Re: [Ganglia-developers] patches for: [Sec] Gmetad server BoF andnetwork overload + [Feature] multiple requests per conn oninteractive port

2009-01-15 Thread Spike Spiegel
On Fri, Jan 16, 2009 at 7:04 AM, Kostas Georgiou
 wrote:
> On Thu, Jan 15, 2009 at 01:41:53PM -0700, Brad Nicholes wrote:
>
>> >>> On 1/15/2009 at 8:56 AM, in message
>> <496efa2a02ac0003a...@lucius.provo.novell.com>, "Brad Nicholes"
>>  wrote:
>>
>> After taking a little closer look at the patch, I think we are OK as
>> far as the recursive call to process_path() is concerned since this
>> case is an error condition and should stop processing rather than
>> continuing in the recursive loop.

indeed, this should work just fine.

>>  The other two concerns are still
>> there however.  I still think that we are off-by-one in the malloc
>> call.  It should be len+1 and I still think that we should limit the
>> malloc to 256 rather than allowing it to be unlimited.
>
> I agree about the off-by-one

argh, my bad sorry, double dumb since I even considered the case.
len+1 it is and the comment should go, thanks.

> but I am not too worried about a malloc
> limit, from what I can tell it can only get as high as REQUESTLEN.

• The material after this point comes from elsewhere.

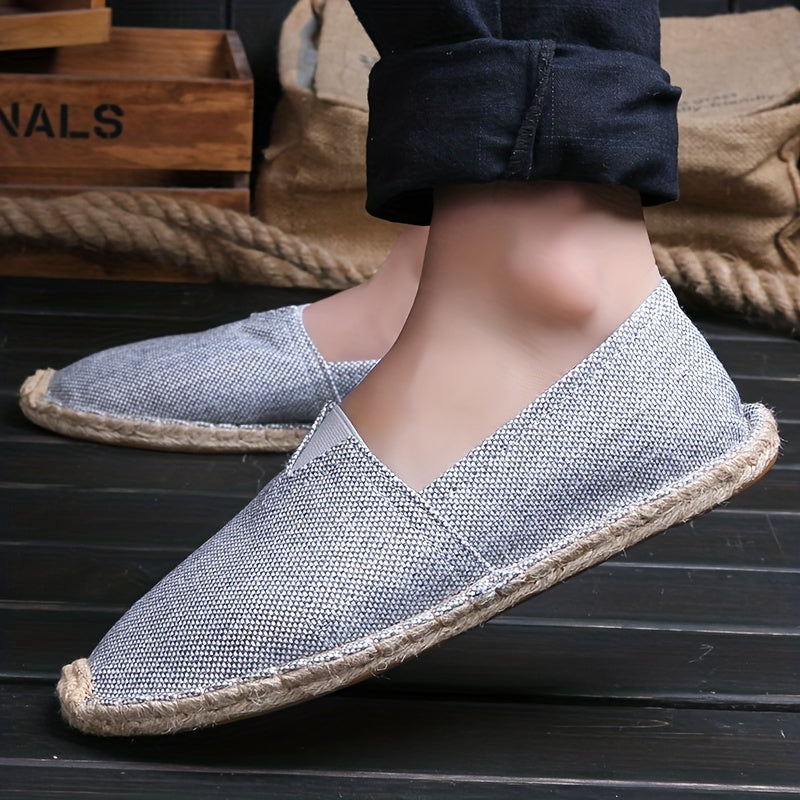 W&W Mode | Casual Schuhe Mixed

I agree with Kostas, as I wrote in my initial email I didn't worry
about that because of the REQUESTLEN boundary which is enforced in
readline.

as to limiting the path to 256 I actually did that in my first
implementation, but eventually converted to a malloc solution because
I was reminded that "640 KB ought to be enough for everybody" and I
could see no downsides.

>
> The malloc call needs to be checked for NULL and the comment that
> "The recursive structure doesn't require any memory allocations" is
> false now if malloc replaces the stack allocation.

correct

thanks everybody

--
This SF.net email is sponsored by:
SourcForge Community
SourceForge wants to tell your story.
http://p.sf.net/sfu/sf-spreadtheword
___
Ganglia-developers mailing list
Ganglia-developers@lists.sourceforge.net
https://lists.sourceforge.net/lists/listinfo/ganglia-developers


Re: [Ganglia-developers] patches for: [Sec] Gmetad server BoF andnetwork overload + [Feature] multiple requests per conn oninteractive port

2009-01-15 Thread Kostas Georgiou
On Thu, Jan 15, 2009 at 01:41:53PM -0700, Brad Nicholes wrote:

> >>> On 1/15/2009 at 8:56 AM, in message
> <496efa2a02ac0003a...@lucius.provo.novell.com>, "Brad Nicholes"
>  wrote:
> 
> After taking a little closer look at the patch, I think we are OK as
> far as the recursive call to process_path() is concerned since this
> case is an error condition and should stop processing rather than
> continuing in the recursive loop.  The other two concerns are still
> there however.  I still think that we are off-by-one in the malloc
> call.  It should be len+1 and I still think that we should limit the
> malloc to 256 rather than allowing it to be unlimited. 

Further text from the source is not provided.